Trust reform is taking a heavy toll on the national treasury. The administration has requested $554 million in the 2004 budget to reform the trust fund, an increase of $183.3 million above the $370.2 million that was set aside in 2003. In a recent letter from the Indian Affairs Committee, Sen. Ben Nighthorse Campbell (R-Colo.), urged a speedy settlement and predicted that Congress would intervene soon and negotiate a settlement if the suit was not resolved.

Support for Cobell's efforts in the Native American community is far from universal, however, and this may prove the greatest remaining obstacle to a fair and final settlement. Because part of her team's efforts involve removing trust responsibilities from the BIA and Interior, some worry that this could provide grounds for terminating the government's trust relationship with tribes that depend on funding.

In March, five tribal chairmen published an article in Indian Country Today, the nation's leading Native American newspaper, alleging that the Cobell suit was employing "scorched-earth" tactics, and that "an attorney for the plaintiffs has publicly stated that the Cobell suit has the potential to destroy tribal governments."

The concerns of the chairmen seem to hinge on three main assertions: that the tactics of the Cobell legal team are akin to "warfare;" that the Cobell team has not utilized opportunities for diplomacy and negotiation to the fullest extent; and that in requesting a third-party receiver to resolve the trust's problems (taking it away from the Interior and BIA) without first consulting tribes, Cobell and Co. demonstrated a disregard for tribal governments.

A reply written a week later by Cobell and John Echohawk, the executive director of the Native American Rights Fund, pointed out that the "consultation, communication and cooperation" urged by the chairmen in their letter are doomed to failure because of the Interior's manifest, well-documented bad faith. In defending the "warlike" decision to bring the authority of a federal court to bear on the Interior, the letter reasoned, "Our approach is to ensure accountability when people mismanage Indian assets and that can no more be described as 'scorched earth' than holding Enron and Arthur Anderson executives accountable for their misdeeds."

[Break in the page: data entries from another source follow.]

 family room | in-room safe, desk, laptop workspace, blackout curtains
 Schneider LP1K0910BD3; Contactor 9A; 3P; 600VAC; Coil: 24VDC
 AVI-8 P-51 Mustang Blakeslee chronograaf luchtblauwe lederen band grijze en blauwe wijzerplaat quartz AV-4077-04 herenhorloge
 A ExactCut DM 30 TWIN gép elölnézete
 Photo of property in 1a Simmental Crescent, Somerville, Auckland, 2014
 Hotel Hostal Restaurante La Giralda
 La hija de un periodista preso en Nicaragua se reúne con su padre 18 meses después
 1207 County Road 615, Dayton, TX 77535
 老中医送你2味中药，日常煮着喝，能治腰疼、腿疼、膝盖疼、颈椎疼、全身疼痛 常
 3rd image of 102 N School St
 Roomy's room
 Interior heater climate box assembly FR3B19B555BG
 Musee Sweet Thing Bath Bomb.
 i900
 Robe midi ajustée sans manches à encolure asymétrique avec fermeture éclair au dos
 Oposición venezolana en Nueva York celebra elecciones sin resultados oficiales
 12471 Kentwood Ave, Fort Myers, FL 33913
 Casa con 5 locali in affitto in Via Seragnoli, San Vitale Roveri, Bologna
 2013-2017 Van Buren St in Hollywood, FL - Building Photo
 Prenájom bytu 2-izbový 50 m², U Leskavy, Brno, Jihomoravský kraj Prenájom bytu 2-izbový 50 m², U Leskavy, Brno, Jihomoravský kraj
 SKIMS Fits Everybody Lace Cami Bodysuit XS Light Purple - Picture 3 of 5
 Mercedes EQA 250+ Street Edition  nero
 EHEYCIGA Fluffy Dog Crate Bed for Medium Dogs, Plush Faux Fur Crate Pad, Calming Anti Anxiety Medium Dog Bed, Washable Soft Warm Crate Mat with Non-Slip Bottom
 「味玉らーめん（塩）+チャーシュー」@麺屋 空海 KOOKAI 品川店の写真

"It is curious that now, when a multi-billion dollar judgment and accountability seems inevitable, officials within the Interior are pushing the notion that there is 'no end' and that a congressionally forced 'settlement' is the only solution. Tribal leaders and Indian people must not fall for this ploy" the letter closed, "and must see these actions for what they are -- an attempt to get Congress to step in at the eleventh hour and bail out the government. ...We cannot allow the Interior Department, their proxies, or anyone to 'divide and conquer us.' The government is losing and they are desperate. They are banking on being able to make us war against one another. [But] what's wrong with the Indians winning for once instead of the cavalry?"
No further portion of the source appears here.